TASK DATA:
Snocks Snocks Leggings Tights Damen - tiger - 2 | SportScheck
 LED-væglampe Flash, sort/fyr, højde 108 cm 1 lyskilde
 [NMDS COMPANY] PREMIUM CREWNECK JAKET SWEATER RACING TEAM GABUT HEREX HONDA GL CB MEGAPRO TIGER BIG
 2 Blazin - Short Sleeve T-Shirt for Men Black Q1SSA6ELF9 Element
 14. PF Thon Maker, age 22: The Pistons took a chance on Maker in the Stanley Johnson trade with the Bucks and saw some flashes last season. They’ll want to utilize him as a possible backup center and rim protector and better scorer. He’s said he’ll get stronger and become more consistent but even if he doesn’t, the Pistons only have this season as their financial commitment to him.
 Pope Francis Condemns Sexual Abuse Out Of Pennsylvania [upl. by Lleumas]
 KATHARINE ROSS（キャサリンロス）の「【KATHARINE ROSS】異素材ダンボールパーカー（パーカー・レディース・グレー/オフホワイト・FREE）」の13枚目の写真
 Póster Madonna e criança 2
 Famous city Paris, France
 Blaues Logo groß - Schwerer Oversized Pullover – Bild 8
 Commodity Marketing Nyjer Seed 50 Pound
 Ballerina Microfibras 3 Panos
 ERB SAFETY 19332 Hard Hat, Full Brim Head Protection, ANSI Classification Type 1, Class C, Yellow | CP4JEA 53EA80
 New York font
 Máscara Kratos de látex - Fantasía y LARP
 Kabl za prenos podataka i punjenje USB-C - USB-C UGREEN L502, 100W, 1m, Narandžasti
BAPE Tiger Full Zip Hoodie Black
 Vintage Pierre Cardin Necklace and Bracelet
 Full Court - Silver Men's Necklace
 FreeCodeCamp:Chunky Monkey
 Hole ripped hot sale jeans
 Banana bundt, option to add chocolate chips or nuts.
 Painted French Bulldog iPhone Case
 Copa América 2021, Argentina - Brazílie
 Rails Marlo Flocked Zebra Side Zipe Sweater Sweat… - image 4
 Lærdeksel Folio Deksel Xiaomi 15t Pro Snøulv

EXERCISE INSTRUCTIONS:
The lines needed run from the first line of the data through the line containing "Full Court - Silver Men's Necklace"; give them again exactly and nothing else.

SOLUTION TO THIS PROBLEM:
Snocks Snocks Leggings Tights Damen - tiger - 2 | SportScheck
 LED-væglampe Flash, sort/fyr, højde 108 cm 1 lyskilde
 [NMDS COMPANY] PREMIUM CREWNECK JAKET SWEATER RACING TEAM GABUT HEREX HONDA GL CB MEGAPRO TIGER BIG
 2 Blazin - Short Sleeve T-Shirt for Men Black Q1SSA6ELF9 Element
 14. PF Thon Maker, age 22: The Pistons took a chance on Maker in the Stanley Johnson trade with the Bucks and saw some flashes last season. They’ll want to utilize him as a possible backup center and rim protector and better scorer. He’s said he’ll get stronger and become more consistent but even if he doesn’t, the Pistons only have this season as their financial commitment to him.
 Pope Francis Condemns Sexual Abuse Out Of Pennsylvania [upl. by Lleumas]
 KATHARINE ROSS（キャサリンロス）の「【KATHARINE ROSS】異素材ダンボールパーカー（パーカー・レディース・グレー/オフホワイト・FREE）」の13枚目の写真
 Póster Madonna e criança 2
 Famous city Paris, France
 Blaues Logo groß - Schwerer Oversized Pullover – Bild 8
 Commodity Marketing Nyjer Seed 50 Pound
 Ballerina Microfibras 3 Panos
 ERB SAFETY 19332 Hard Hat, Full Brim Head Protection, ANSI Classification Type 1, Class C, Yellow | CP4JEA 53EA80
 New York font
 Máscara Kratos de látex - Fantasía y LARP
 Kabl za prenos podataka i punjenje USB-C - USB-C UGREEN L502, 100W, 1m, Narandžasti
BAPE Tiger Full Zip Hoodie Black
 Vintage Pierre Cardin Necklace and Bracelet
 Full Court - Silver Men's Necklace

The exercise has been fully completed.